§ **TASK STATEMENT**: From the first line to the last, retype everything below exactly, minus the pictures.
BEGIN INPUT DATA
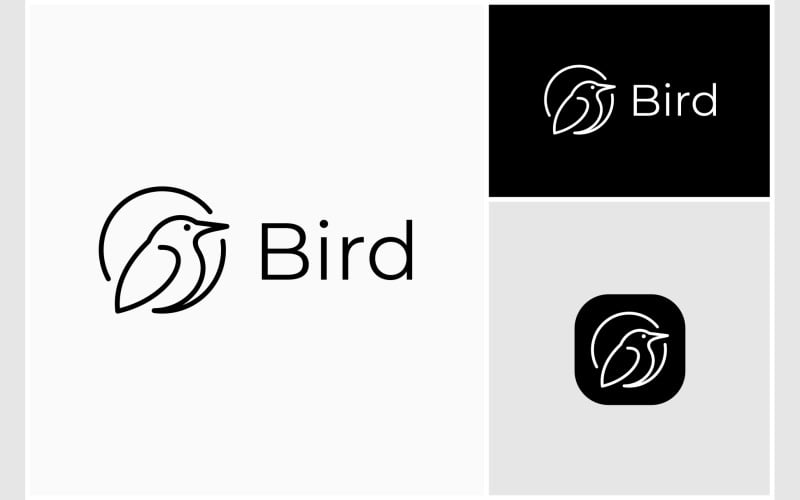 bird line art circle simple logo original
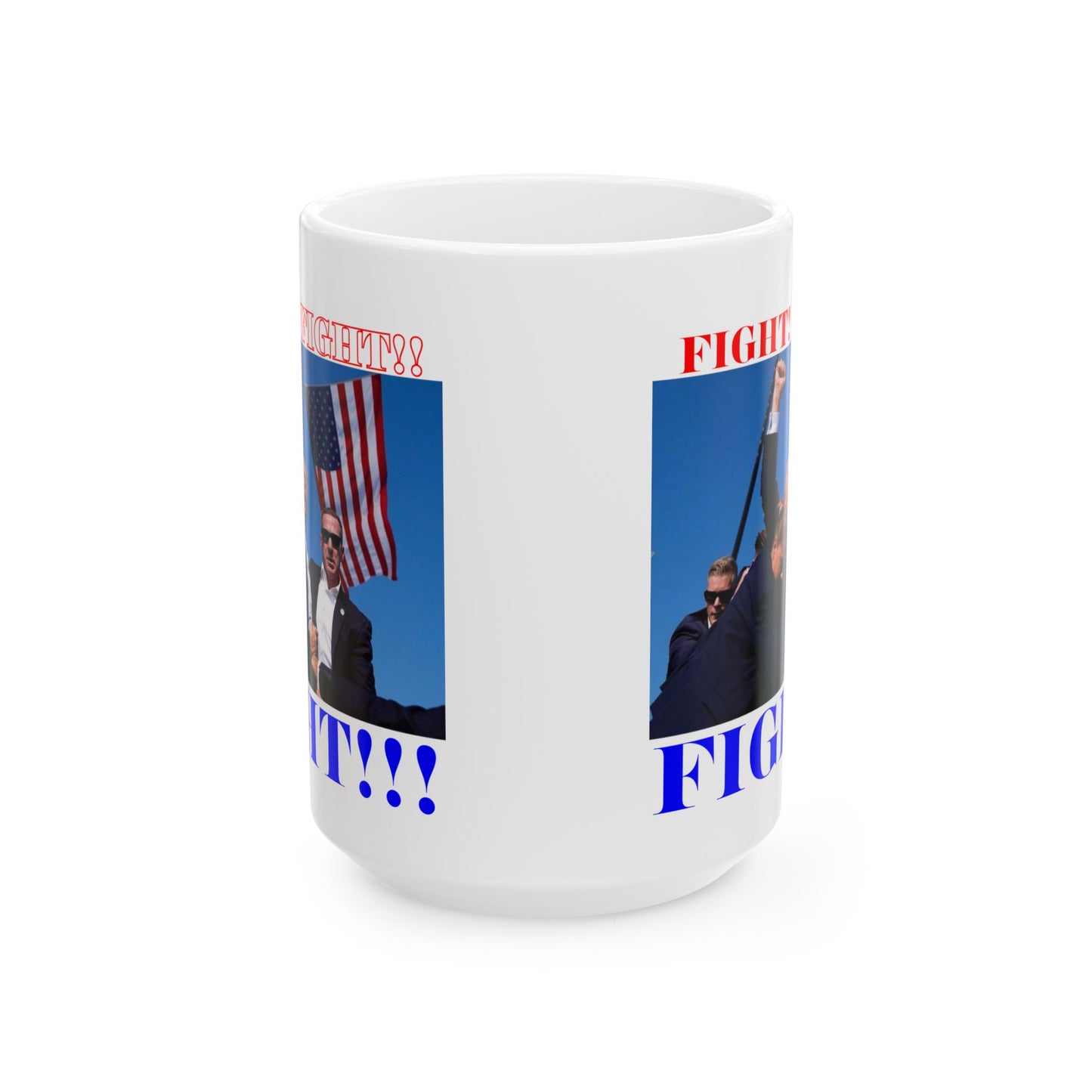 FIGHT! FIGHT!! FIGHT!!! White Mug by cypherpunkgear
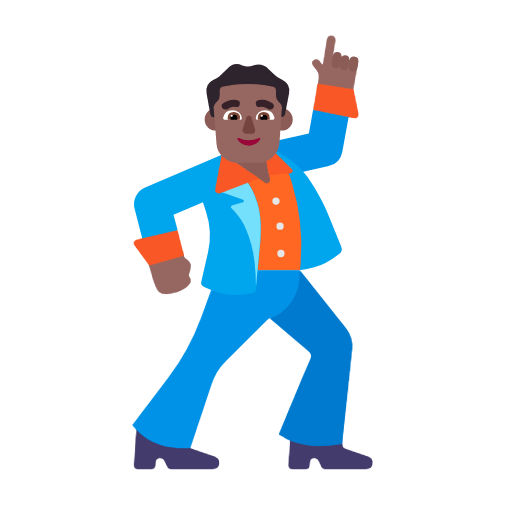 🕺🏾 Emoji Homem Dançando: Pele Morena Escura na Microsoft Windows 11 23H2.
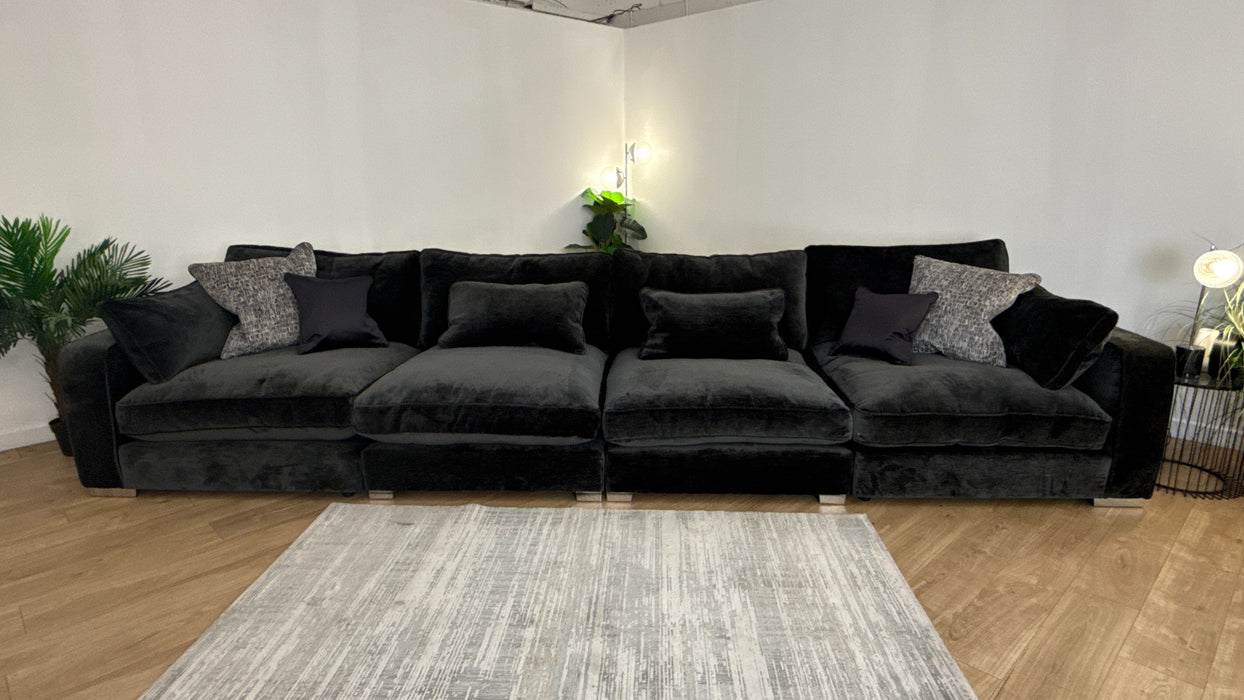 Sofology Cavalli 3 Seater Split Fabric Sofa + 2 x Armless Units  in Deluxe Chenille Slate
END INPUT DATA
§ **RESPONSE BOX**:
 bird line art circle simple logo original
 FIGHT! FIGHT!! FIGHT!!! White Mug by cypherpunkgear
 🕺🏾 Emoji Homem Dançando: Pele Morena Escura na Microsoft Windows 11 23H2.
 Sofology Cavalli 3 Seater Split Fabric Sofa + 2 x Armless Units  in Deluxe Chenille Slate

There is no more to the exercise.